Initially, the course was launched by the World Bank Communication for Governance and Accountability Program (CommGAP) as an instrument for capacity development. In developing the CommGAP program, a series of roundtable meetings and global dialogues were held to engage institutions involved in learning programs for public sector reform, strategic communication, diplomacy, and stakeholder engagement. Two of these institutions were the Annenberg School for Communication at the University of Pennsylvania and the Annenberg School for Communication and Journalism at the University of Southern California. These universities have contributed their faculty and classroom facilities and have provided access to their communication research and graduate and executive education programs.
The World Bank Institute (WBI), a global connector of knowledge, learning and innovation for poverty reduction at the World Bank, began discussing their possible involvement in 2010 and formally joined the partnership in 2011.
The first pilot of the course was launched in 2011 and was aptly titled the “Executive Course in Communication for Governance Reform.” Over 400 interested applicants responded, and from this group a total of 40 senior development practitioners and communication professionals from 19 countries in Africa, Asia, the Middle East, Latin America, Eastern Europe and Central Asia, East Asia, and South Asia participated in the course from July 18-27, 2011. The pilot course was paid for and hosted by CommGAP at World Bank headquarters in Washington, D.C. and was, therefore, able to accept a wide range of participants. The course instructed participants on how to use research and best practices in communication to advance governance reform through education, ongoing research projects, and the development of support networks.

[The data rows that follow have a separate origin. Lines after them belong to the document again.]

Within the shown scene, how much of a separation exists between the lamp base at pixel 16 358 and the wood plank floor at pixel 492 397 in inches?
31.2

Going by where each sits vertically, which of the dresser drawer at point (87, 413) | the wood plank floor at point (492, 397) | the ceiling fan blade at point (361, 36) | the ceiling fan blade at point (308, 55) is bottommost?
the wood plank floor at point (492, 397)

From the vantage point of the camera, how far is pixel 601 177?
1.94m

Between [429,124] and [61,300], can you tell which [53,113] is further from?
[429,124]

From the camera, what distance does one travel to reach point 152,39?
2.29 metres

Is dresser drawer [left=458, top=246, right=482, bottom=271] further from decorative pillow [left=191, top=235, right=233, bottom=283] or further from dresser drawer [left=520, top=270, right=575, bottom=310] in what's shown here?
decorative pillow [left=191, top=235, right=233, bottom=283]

May 03, 2010, the founding coalition of the World Bank-USC Summer Institute meets to discuss the program. Back row from left to right: Michael X. Delli Carpini (Dean), Professor Patricia Riley, Sina Odugbemi, Ed Campos, Carola Weil, Helen Garcia, Saafir Rabb II, and Caby Verzosa. Front row from left to right: Ernest James Wilson III (Dean), Tony Lambino, Anne-Katrin Arnold.
In 2012, the course shifted to a participant-funded model for greater sustainability and moved to Los Angeles, where it was hosted by the University of Southern California. The focus of the course remained Governance for Reform Communication, but lectures expanded and were designed for government/public sector officials or private sector advisors who wanted to provide implementation support to change agents and reform leaders in developing countries. A total of 12 professionals from 8 different countries—Uganda, Pakistan, Yemen, Morocco, Sri Lanka, Thailand Zambia, and Serbia— attended.
In the summer of 2013, the course welcomed 17 participants— from Turkey, Afghanistan, Iraq, Ghana, Panama, Nigeria, Philippines, Haiti, Kuwait, India, Brazil, Uganda and the USA.
This year, 2014, the concept of the course evolved to “Reform Communication: Leadership, Strategy, and Stakeholder Alignment” to better cover the complex political environment in which reform occurs. This year, the course welcomes 30 participants from around the world, including Bangladesh, China, India, Kenya, Nigeria, Peru, South Africa, the UK and the United States.
The strength of the partnership lies in the involvement of both academics from the Annenberg Schools and practitioners from the World Bank to blend theory and practical application in an educational setting. Bank staff and Annenberg professors are passionate about their fields of expertise and continuously update their training materials to incorporate new knowledge and tailor their lessons to the needs of course participants. Both the World Bank and the Annenberg Schools are premier institutions dedicated to the goals of reform communication.